▶ [TASK TO CARRY OUT]:
With the pictures omitted, repeat exactly the lines below starting with the line that has "Using standoffs to" and going on through the line that has "1057 S Hampton Road Property Photo 2".

▶ [SUPPLIED DATA]:
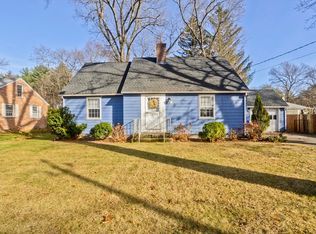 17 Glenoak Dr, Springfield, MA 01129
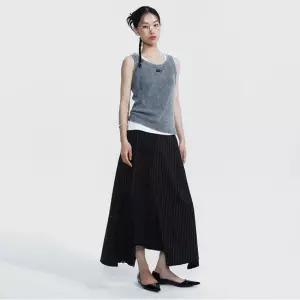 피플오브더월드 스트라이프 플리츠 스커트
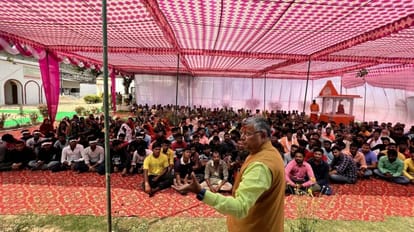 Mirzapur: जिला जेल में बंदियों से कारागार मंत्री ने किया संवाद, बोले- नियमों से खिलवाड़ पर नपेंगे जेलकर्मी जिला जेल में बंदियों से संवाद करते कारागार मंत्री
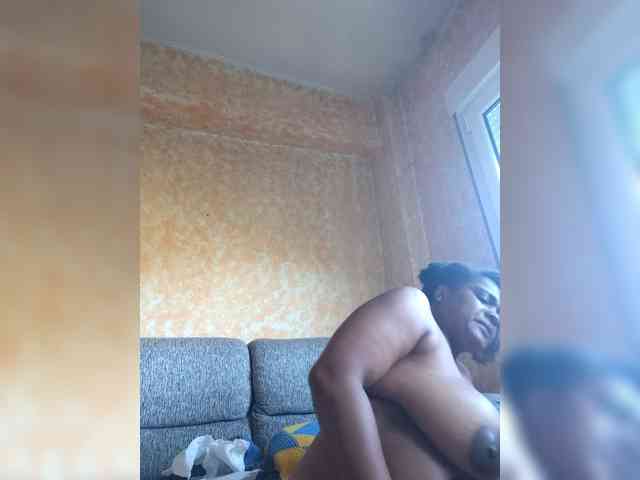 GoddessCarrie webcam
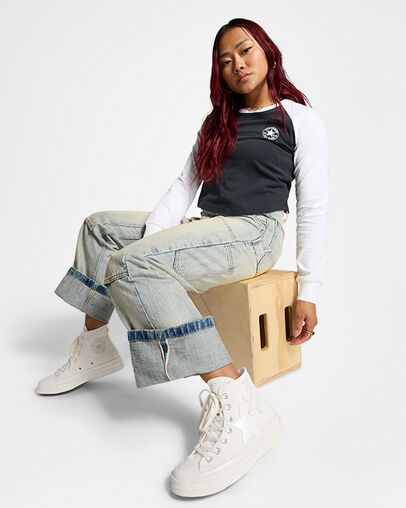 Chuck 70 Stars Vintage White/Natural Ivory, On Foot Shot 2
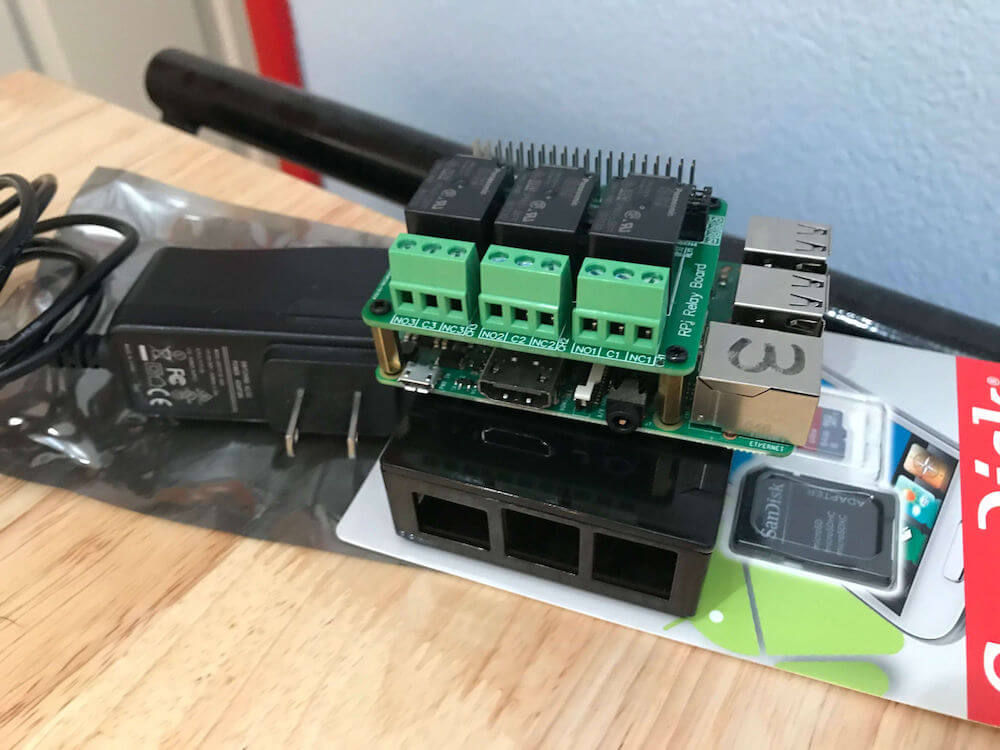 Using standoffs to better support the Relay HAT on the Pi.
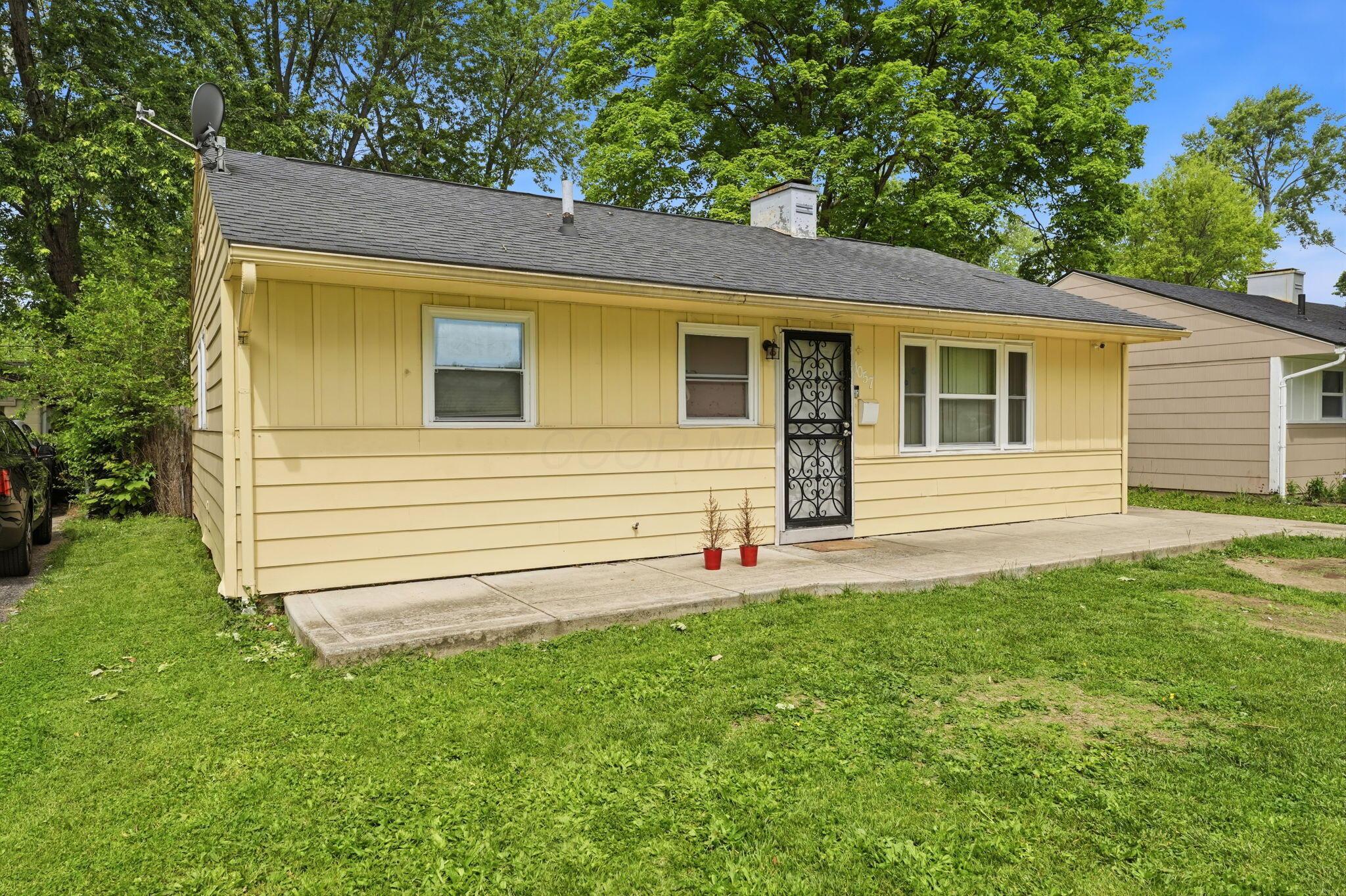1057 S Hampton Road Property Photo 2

...

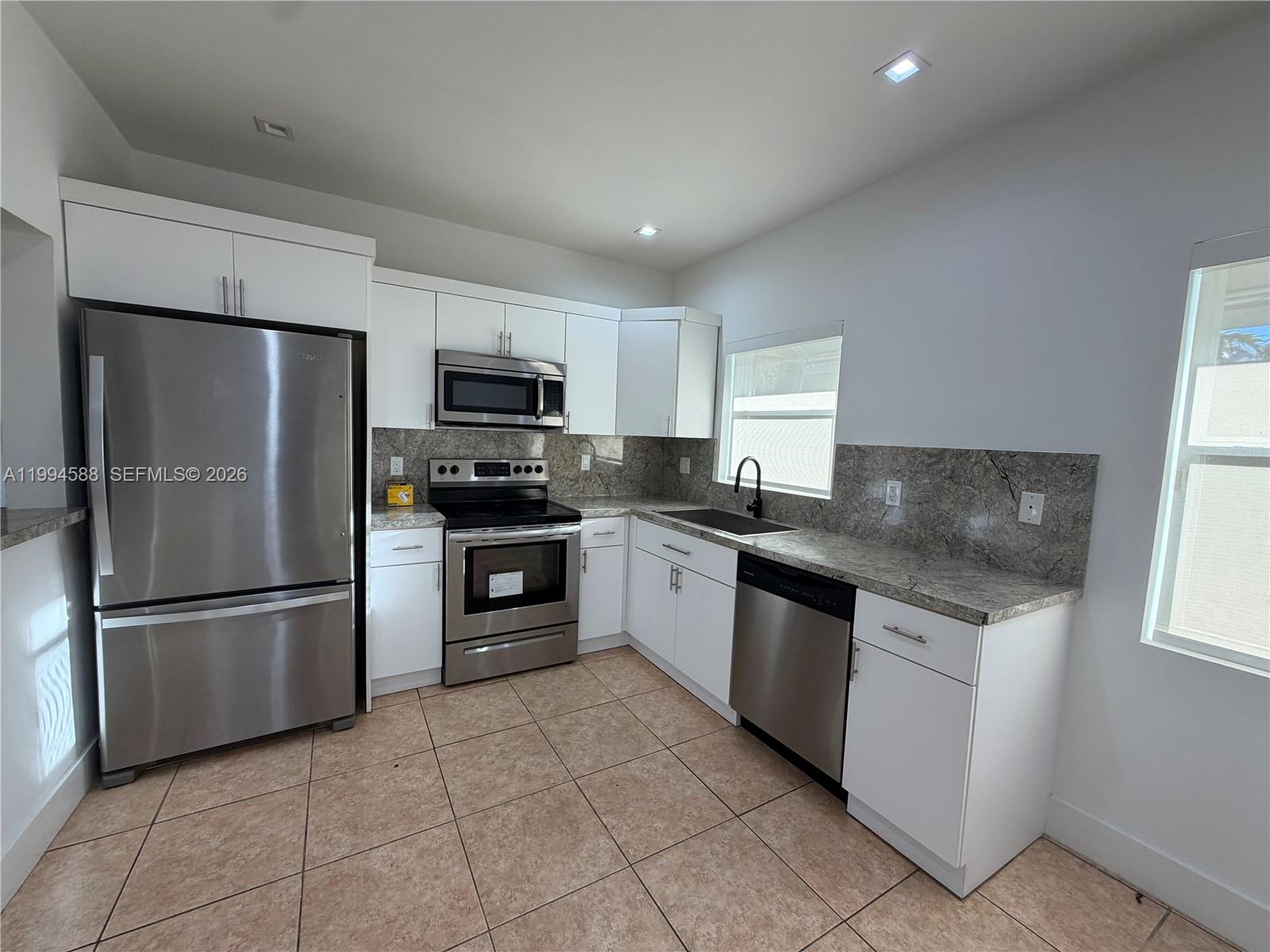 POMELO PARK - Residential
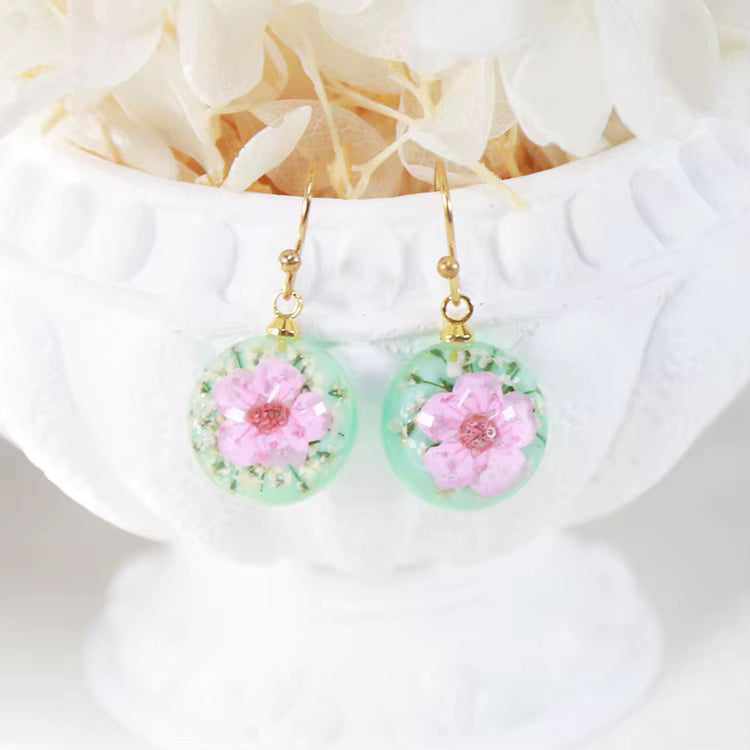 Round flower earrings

--

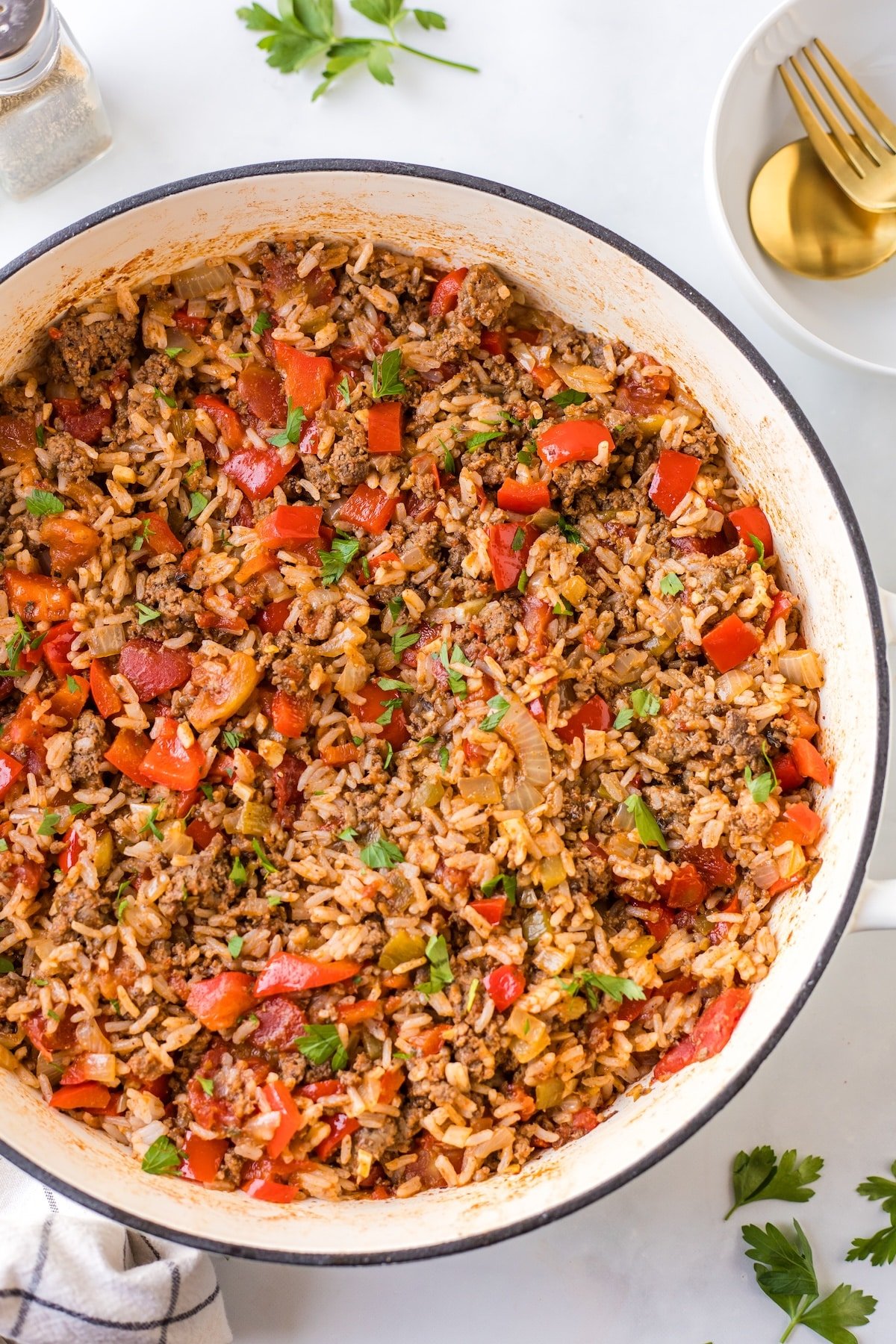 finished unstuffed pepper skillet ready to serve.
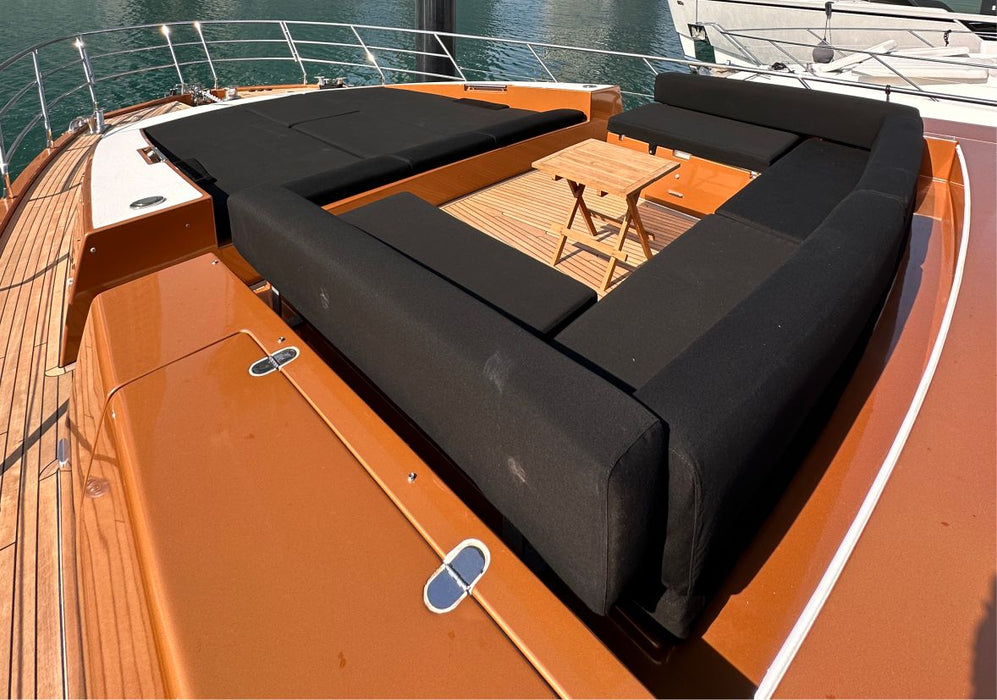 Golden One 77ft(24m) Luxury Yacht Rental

▶ [ANSWER SPACE]:
 Using standoffs to better support the Relay HAT on the Pi.
1057 S Hampton Road Property Photo 2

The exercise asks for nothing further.